Board of Educ. of City of New York v. Ambach, 612 F. Supp. 230 (E.D.N.Y. 1985)
June 25, 1985
Gordon AMBACH, Commissioner of Education for the State of New York, and Atara J., as guardian-parent and next friend of Asher J., a handicapped child, Defendants.
United States District Court, E.D. New York.
*231 Frederick A.O. Schwarz, Jr., Corp. Counsel, City of New York by Paul Marks, Asst. *232 Corp. Counsel, New York City, for plaintiff.
Robert D. Stone, New York State Educ. Dept. by James H. Whitney, Albany, N.Y., for defendant Ambach.
Weil, Gotshal & Manges by Myron J. Meadow, New York City, for defendant Atara J.
MEMORANDUM AND ORDER
PLATT, District Judge.
This action arises under the Education for All Handicapped Children Act ("EHA"), 20 U.S.C. § 1401 et seq., and turns on a dispute over whether the private school in which a handicapped child was enrolled pursuant to a Court's order issued in Jose P. v. Ambach, et al., 3 E.H.L.R. 553:299 (E.D.N.Y.1982) (Nickerson, J.), became his "current education placement" under 20 U.S.C. § 1415(e) (3) until proceedings reviewing placement recommendations made by the Board of Education of New York City concluded that a proper placement recommendation had been made.
If the private school was the child's "current placement" as defendant New York State Commissioner found, then the City's Board of Education is liable for the child's tuition up and until its placement recommendation was confirmed as proper. Plaintiff, the City's Board of Education, maintains that the private school in which defendant Atara J.'s son was placed never became his current placement and further maintains that it should not be liable for his school tuition after it had made an appropriate placement recommendation for 1983-84 in May of 1983.
To side with the City Board of Education's position would eviscerate the meaning and intent of the procedural safeguards embodied in 20 U.S.C. § 1415(b)-(e), the purpose of which was to ensure some stability in a handicapped child's school placement during the pendency of impartial review proceedings of the school agency's placement recommendation. A recent Supreme Court case confirms the importance of these safeguards, but its ruling does not directly help us in this case. Town of Burlington v. Dep't of Education of the Commonwealth of Massachusetts, ___ U.S. ___, 105 S. Ct. 1996, 2002, 85 L. Ed. 2d 385 (1985). Because of the interpretation of these statutory safeguards is of some importance, this Court takes the time to address the present case.

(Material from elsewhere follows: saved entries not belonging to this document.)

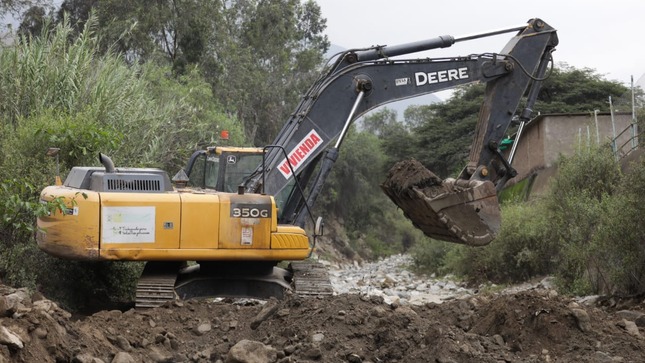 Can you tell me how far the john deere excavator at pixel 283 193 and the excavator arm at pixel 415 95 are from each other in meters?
0.02

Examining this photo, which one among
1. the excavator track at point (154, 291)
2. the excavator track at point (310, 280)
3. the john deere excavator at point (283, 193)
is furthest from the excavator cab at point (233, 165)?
the excavator track at point (154, 291)

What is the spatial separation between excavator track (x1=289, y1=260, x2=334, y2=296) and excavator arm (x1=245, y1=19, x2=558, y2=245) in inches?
24.1

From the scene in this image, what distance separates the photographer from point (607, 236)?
14.4 metres

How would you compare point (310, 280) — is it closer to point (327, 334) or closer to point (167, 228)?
point (167, 228)

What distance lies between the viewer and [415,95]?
1295 cm

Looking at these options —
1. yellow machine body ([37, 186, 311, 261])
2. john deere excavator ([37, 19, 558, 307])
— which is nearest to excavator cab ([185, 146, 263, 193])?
john deere excavator ([37, 19, 558, 307])

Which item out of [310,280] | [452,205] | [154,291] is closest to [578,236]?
[452,205]

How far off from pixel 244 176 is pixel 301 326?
4474 mm

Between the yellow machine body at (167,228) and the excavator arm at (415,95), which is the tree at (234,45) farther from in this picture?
the yellow machine body at (167,228)

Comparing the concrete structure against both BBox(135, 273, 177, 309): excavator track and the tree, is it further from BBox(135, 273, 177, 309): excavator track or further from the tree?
BBox(135, 273, 177, 309): excavator track

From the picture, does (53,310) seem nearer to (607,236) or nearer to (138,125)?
(607,236)

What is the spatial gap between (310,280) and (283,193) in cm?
136

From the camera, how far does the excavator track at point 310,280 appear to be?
434 inches

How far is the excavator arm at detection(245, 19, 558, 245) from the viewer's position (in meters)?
11.2
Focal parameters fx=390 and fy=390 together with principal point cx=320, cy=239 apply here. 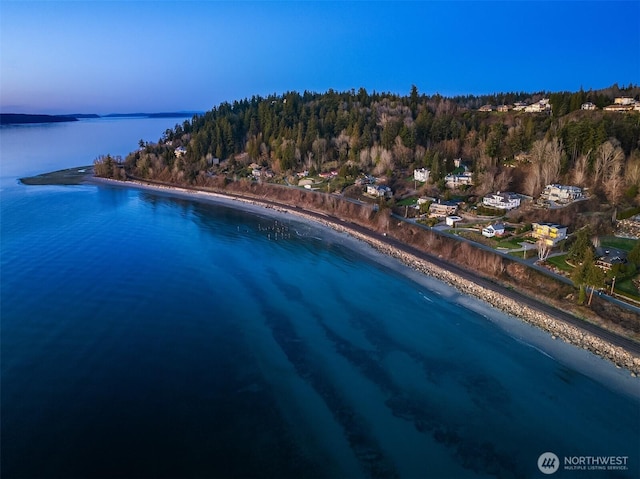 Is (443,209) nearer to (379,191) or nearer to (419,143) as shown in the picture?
(379,191)

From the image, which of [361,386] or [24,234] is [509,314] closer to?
[361,386]

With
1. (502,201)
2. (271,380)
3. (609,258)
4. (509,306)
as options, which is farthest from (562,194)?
(271,380)

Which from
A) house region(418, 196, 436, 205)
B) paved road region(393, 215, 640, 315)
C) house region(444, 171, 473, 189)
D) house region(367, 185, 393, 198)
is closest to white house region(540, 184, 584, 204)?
house region(444, 171, 473, 189)

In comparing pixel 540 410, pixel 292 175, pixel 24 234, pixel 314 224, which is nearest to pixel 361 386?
pixel 540 410

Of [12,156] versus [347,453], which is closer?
[347,453]

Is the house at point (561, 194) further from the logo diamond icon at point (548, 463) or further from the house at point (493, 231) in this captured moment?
the logo diamond icon at point (548, 463)

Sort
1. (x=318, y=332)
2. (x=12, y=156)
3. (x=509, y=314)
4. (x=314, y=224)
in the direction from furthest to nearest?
(x=12, y=156)
(x=314, y=224)
(x=509, y=314)
(x=318, y=332)

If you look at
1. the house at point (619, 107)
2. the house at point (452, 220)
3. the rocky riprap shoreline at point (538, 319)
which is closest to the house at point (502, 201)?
the house at point (452, 220) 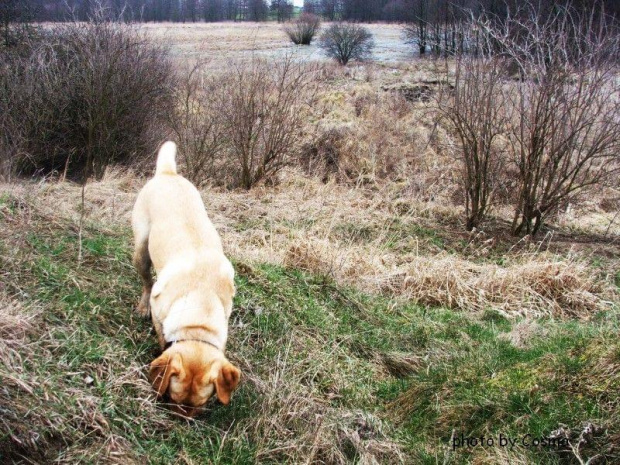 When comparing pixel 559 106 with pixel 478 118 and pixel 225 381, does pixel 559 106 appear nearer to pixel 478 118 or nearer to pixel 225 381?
pixel 478 118

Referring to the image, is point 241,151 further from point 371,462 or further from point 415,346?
point 371,462

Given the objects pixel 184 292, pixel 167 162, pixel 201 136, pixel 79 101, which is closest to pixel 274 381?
pixel 184 292

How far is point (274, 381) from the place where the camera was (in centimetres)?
372

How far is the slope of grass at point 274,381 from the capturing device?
2.84 meters

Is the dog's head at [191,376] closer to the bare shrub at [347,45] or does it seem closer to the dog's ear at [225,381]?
the dog's ear at [225,381]

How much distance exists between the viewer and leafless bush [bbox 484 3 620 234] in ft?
24.9

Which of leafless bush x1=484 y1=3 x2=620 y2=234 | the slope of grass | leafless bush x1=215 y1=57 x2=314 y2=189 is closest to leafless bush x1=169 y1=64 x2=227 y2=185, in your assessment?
leafless bush x1=215 y1=57 x2=314 y2=189

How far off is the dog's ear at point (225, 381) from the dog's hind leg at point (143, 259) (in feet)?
4.20

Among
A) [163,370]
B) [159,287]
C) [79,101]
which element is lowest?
[163,370]

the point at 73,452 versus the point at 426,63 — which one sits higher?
the point at 426,63

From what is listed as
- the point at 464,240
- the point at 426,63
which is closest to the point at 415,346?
the point at 464,240

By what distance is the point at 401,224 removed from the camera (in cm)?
896

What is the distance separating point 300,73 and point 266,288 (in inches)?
263

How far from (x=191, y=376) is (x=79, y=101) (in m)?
10.1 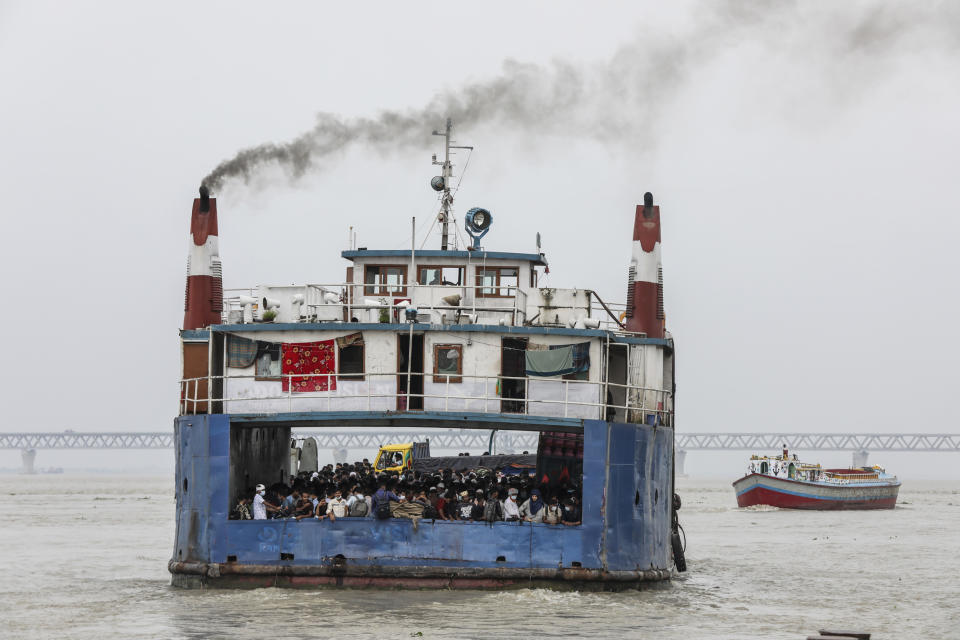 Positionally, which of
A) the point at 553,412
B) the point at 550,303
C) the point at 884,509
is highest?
the point at 550,303

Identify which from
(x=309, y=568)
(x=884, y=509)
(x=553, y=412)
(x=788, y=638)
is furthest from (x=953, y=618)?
(x=884, y=509)

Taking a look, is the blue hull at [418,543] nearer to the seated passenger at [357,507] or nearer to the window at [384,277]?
the seated passenger at [357,507]

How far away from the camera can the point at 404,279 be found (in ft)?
97.1

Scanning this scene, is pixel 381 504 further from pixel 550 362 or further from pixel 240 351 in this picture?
pixel 240 351

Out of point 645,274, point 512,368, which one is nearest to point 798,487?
point 645,274

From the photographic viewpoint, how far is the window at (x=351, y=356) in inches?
1002

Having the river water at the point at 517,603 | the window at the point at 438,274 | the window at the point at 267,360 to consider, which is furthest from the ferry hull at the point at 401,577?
the window at the point at 438,274

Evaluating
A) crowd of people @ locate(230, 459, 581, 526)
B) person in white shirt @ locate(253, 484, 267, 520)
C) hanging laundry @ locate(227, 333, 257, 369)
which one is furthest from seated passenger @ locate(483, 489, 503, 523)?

Asher J. is an emotionally handicapped child whose parents enrolled him in the Alternative School in June of 1982 pursuant to the memorandum and order of Judge Nickerson of the Eastern District of New York in January 1982. This order which specifically incorporated the Special Master's Report No. 8 and appeared as Jose P. v. Ambach, et al., 3 E.H.L.R. 553:299, was directed at overcoming the enormous delays by the City of New York in moving towards offering every handicapped child within its jurisdiction a "free appropriate education," the right to which was mandated by the Education for All Handicapped Children Act, 20 U.S.C. § 1401 et seq. The order authorized parents of handicapped children for whom an appropriate placement was not recommended by plaintiff's Committee on the Handicapped ("COH") within 60 days after the referral to the COH for classification and placement to enroll that child in a private school approved by plaintiff at plaintiff's expense.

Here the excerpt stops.